Thick, creamy tzatziki sauce feels like a holiday on a plate. Tangy Greek yogurt, fresh cucumber, zesty lemon and a hint of garlic make this super-easy dip irresistibly delicious. It’s quick, easy, uses minimal ingredients and no special equipment.


Ingredients

Units Scale

For the tzatziki -

  • 1/2 large cucumber
  • 1 teaspoon salt
  • 1 cup thick Greek or Greek-style yogurt
  • 1 lemon, juiced and zested
  • 3 garlic cloves, crushed
  • Black pepper

Optional, to garnish -


Instructions

  1. Grate your cucumber. Set a colander or fine sieve over a small bowl, then line it with 4 layers of thick kitchen towel, or a cheesecloth. Use a box grater to grate your cucumber (skin and all). Place the grated cucumber into the prepared colander or sieve. Sprinkle 1 teaspoon of salt over the cucumber and mix it through, then let it sit for a minute. PRO TIP: If you don’t have kitchen towel or a cheesecloth, just place the grated cucumber directly into the sieve.
  2. Squeeze the excess liquid from the cucumber. Pick up the ends of your kitchen towel or cheesecloth, so that the cucumber collects as a ball at the bottom. Squeeze and wring the cloth, getting as much water out as you can. There should be a good 1/4 cup of water released from the cucumber. If you’ve put your cucumber directly into the sieve, use your hands to squeeze the cucumber together and press it against the sieve to release the water that way. It’s a little messier but works just as well.
  3. Mix the tzatziki. Add the squeezed cucumber to a small bowl, along with 1 cup of Greek yogurt, the crushed garlic cloves, the zest of your lemon, 1 tablespoon of lemon juice and a good grind of black pepper.
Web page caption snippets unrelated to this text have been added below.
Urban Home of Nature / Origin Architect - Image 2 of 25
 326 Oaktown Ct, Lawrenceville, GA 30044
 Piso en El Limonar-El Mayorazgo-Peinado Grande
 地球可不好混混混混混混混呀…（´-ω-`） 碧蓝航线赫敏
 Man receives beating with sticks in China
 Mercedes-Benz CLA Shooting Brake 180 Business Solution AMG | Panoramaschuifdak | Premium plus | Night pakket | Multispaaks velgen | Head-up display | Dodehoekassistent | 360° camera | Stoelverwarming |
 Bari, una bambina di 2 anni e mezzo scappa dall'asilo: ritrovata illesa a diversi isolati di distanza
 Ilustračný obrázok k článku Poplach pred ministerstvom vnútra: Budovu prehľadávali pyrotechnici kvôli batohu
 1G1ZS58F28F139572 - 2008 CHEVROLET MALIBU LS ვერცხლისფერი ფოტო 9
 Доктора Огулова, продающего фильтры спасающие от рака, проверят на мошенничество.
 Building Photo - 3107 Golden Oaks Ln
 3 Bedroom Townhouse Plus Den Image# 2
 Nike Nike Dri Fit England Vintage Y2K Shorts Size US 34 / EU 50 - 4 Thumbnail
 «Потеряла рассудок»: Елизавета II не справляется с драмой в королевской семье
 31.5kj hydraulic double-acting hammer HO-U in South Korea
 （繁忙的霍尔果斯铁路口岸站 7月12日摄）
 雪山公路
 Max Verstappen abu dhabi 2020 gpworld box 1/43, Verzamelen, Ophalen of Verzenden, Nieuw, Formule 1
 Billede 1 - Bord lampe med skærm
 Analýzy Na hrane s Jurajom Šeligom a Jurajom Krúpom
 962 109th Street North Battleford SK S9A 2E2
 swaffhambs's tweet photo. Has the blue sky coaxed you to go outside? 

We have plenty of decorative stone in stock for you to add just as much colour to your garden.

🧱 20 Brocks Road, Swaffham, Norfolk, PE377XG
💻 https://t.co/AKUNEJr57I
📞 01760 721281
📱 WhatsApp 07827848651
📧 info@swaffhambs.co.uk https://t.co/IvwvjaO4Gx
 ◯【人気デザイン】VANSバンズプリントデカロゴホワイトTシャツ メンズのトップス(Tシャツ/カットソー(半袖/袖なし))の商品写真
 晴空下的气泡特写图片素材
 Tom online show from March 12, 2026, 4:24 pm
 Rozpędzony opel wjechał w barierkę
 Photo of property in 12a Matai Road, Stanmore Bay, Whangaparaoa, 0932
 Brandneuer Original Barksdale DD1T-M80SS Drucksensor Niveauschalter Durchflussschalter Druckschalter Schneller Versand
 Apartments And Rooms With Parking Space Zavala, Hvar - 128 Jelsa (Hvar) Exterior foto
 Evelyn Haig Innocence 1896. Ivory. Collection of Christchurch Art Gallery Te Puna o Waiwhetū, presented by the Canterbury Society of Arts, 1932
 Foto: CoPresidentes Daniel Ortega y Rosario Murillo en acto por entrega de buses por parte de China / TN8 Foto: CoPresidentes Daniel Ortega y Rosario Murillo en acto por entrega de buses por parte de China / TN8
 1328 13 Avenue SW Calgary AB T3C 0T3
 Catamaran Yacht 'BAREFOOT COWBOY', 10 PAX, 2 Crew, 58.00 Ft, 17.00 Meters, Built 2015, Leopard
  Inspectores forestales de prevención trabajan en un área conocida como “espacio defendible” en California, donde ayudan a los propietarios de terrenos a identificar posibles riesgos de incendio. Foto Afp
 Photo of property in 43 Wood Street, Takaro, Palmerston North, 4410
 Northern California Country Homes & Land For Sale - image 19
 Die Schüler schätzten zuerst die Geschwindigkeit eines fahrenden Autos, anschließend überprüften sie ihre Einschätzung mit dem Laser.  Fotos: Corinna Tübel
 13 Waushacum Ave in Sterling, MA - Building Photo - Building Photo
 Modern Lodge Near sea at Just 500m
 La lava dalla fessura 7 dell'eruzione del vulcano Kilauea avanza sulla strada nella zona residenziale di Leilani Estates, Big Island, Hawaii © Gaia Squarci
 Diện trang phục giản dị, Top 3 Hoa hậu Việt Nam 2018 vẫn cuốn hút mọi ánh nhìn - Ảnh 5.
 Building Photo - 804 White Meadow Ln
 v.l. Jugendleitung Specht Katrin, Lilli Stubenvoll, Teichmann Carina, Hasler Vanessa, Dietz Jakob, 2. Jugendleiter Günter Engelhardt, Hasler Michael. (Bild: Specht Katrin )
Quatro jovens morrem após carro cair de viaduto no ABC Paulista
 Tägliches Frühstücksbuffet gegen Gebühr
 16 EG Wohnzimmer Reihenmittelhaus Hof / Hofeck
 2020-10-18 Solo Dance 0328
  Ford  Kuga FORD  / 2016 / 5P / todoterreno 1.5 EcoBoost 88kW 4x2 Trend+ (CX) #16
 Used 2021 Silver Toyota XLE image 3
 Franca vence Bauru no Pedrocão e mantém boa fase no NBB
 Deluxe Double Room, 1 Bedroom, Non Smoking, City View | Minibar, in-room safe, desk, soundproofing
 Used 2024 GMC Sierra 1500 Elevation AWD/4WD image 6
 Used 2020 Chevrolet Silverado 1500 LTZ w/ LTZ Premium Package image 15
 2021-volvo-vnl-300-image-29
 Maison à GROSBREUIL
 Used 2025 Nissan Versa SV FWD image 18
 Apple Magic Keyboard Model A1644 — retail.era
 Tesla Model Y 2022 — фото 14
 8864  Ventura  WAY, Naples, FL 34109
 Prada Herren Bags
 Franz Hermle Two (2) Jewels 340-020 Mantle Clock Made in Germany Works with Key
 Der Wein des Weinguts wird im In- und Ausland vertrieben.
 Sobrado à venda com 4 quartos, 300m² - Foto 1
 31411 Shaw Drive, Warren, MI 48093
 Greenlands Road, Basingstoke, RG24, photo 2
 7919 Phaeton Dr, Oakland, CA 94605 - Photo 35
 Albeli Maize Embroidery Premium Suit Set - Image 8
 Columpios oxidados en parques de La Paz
Give it a good mix to combine well, then taste, and add a little more salt or lemon juice if you think it’s needs something extra.

Notes

STORAGE INSTRUCTIONS: The tzatziki will keep well for 1 week, stored in the fridge in an airtight container.

INGREDIENT NOTES: If you want proper thick and creamy tzatziki, it’s important to use thick, Greek or Greek style yogurt, instead of plain natural yogurt. Fat free is fine too. If you like, you can add a handful of chopped fresh mint, dill or flat-leaf parsley to the sauce.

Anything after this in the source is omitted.